[GIVEN DATA]:

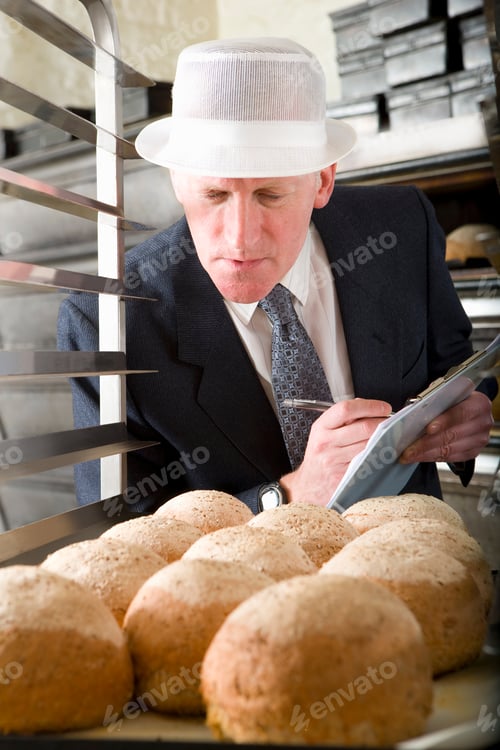 Preview: A Portrait Shot Of An Inspector Closely Examining Fresh Loaves Of Bread.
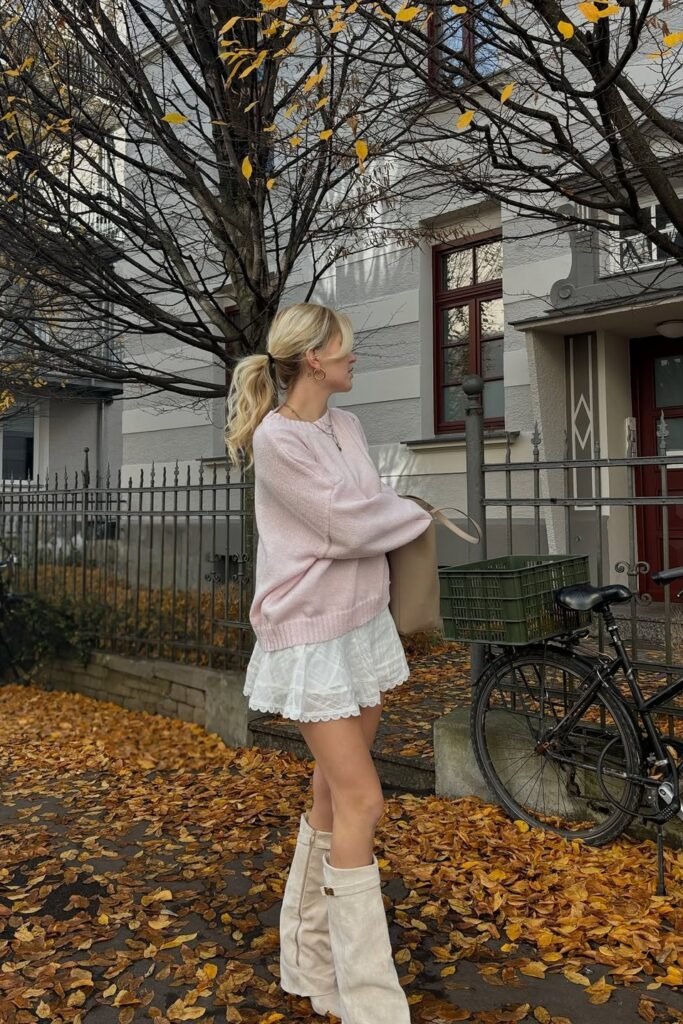 Oversized Pink Sweater + White Ruffled Mini Skirt + Cream Knee-High Boots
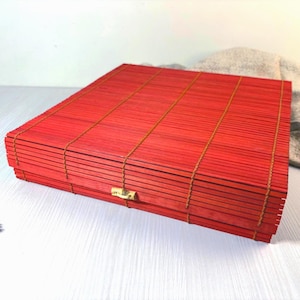May include: A rectangular box constructed from thin, red-dyed bamboo slats held together by brown thread. The box features a hinged lid and a small, light-coloured wooden toggle closure centred on the front edge, showcasing a slatted texture.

[TASK GOAL]:
Reproduce, with the pictures omitted, exactly those lines that run from the line with "Oversized Pink Sweater" to the last line of the material, both ends included.

[RESULT OF THE TASK]:
 Oversized Pink Sweater + White Ruffled Mini Skirt + Cream Knee-High Boots
May include: A rectangular box constructed from thin, red-dyed bamboo slats held together by brown thread. The box features a hinged lid and a small, light-coloured wooden toggle closure centred on the front edge, showcasing a slatted texture.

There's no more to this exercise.